America needs to decide how to move ahead

Jack Jackson

Columnist

One has to search way back in the archives of our nation to find a period of time to compare with the sheer amount of "stuff" going on in our country right now!

People who chronicle and write about the life and times of our nation have a plethora of information and misinformation to draw upon. As a student of history, and in particular, southern history, the current raging debate over statues and monuments certainly has my attention.

Admittedly, the American Civil War was the bloodiest and most divisive occurrence in our history. This war was fought primarily over the issue of slavery and whether the institution itself could function as part of the Union. The southern United States depended on slavery -- cheap labor -- to sustain its agrarian way of life. But, the North, far less dependent on slavery, was quite sensitive to the practice of enslaving human beings.

A nation divided couldn't effectively exist, so war became inevitable to settle things one way or another.

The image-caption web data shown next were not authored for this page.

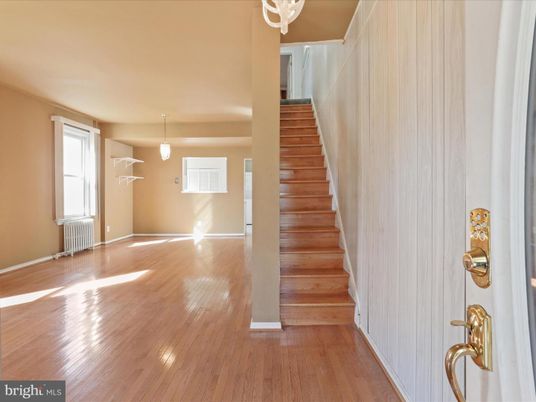 Empty room, Interior, Pendant Lights, Wood Texture Flooring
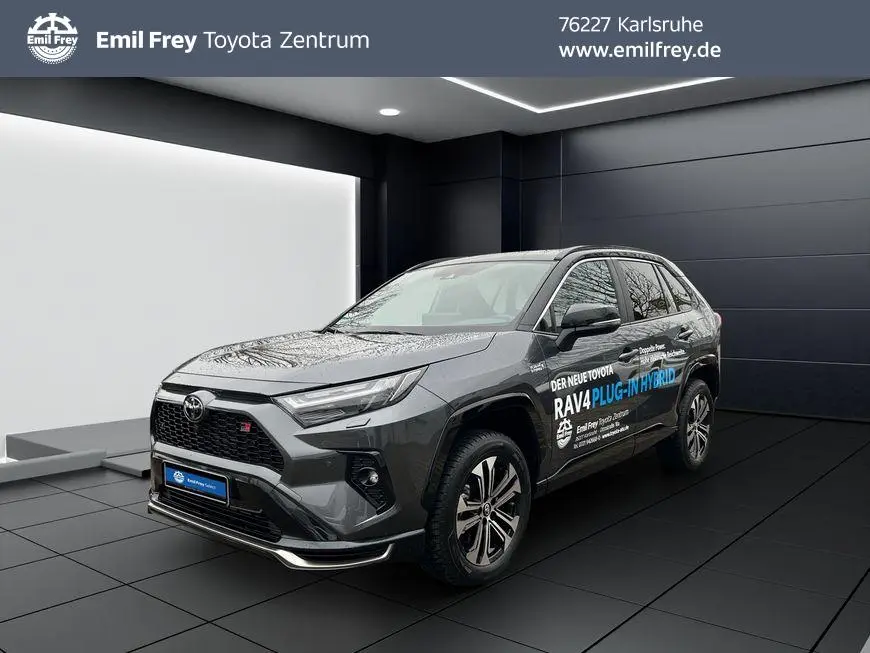 ⁣Emil Frey Toyota Zentrum: Ihr Autohaus in Karlsruhe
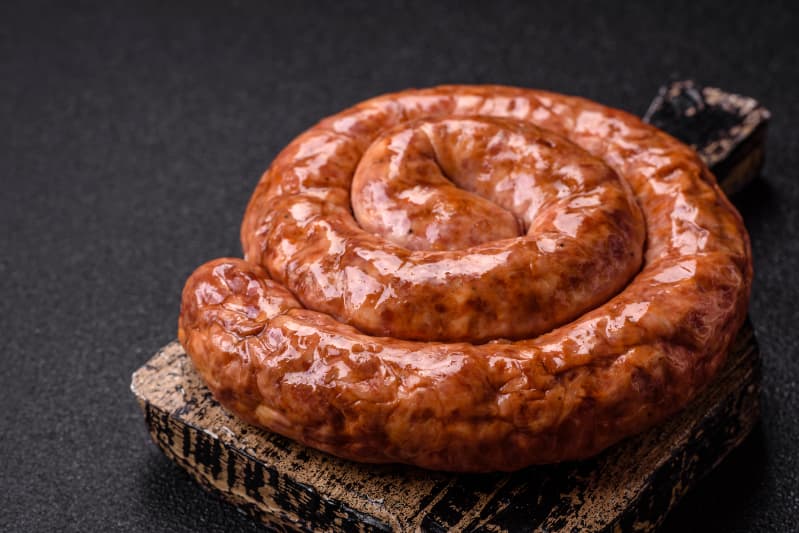 Fábrica clandestina de linguiça é fechada em Goiás após apreensão de carne imprópria 3 Linguiça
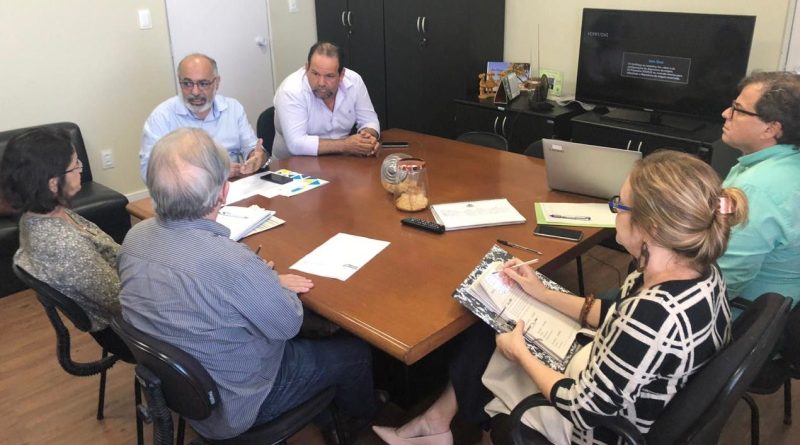 Presidente do Sindicato dos Taxistas de Pernambuco, Flávio Fortunato, tem pressionado a CTTU, mas até o momento o órgão segue sem cumprir a Lei Municipal nº 18.528/2018 - Foto: Arquivo/Lilith Perboire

Men who had been comrades in arms fighting against our nation's common enemies found themselves dealing with divided loyalties based on geography.

Much was at stake, not the least of which were different ways of life which would shape attitudes and customs to this very day. Choices were made and the "die was cast," causing a cloud to cover all of us, creating a "stain" every American must deal with, hopefully, with civility.

The lines were deeply drawn between "Yankees" and "Rebels," often pitting brother against brother, family against family, bringing about competing social orders. Abraham Lincoln and Ulysses S. Grant emerged as "champions" of the northern victory. General Robert E. Lee, Virginia's favorite son, and Confederate President Jefferson Davis along with a collection of well-known southern generals were revered and loved by southerners.

Americans, not unlike other cultures, wanted to forever honor those who gallantly sacrificed life and limb for their causes. So statues and monuments were erected on both sides of the Mason-Dixon Line.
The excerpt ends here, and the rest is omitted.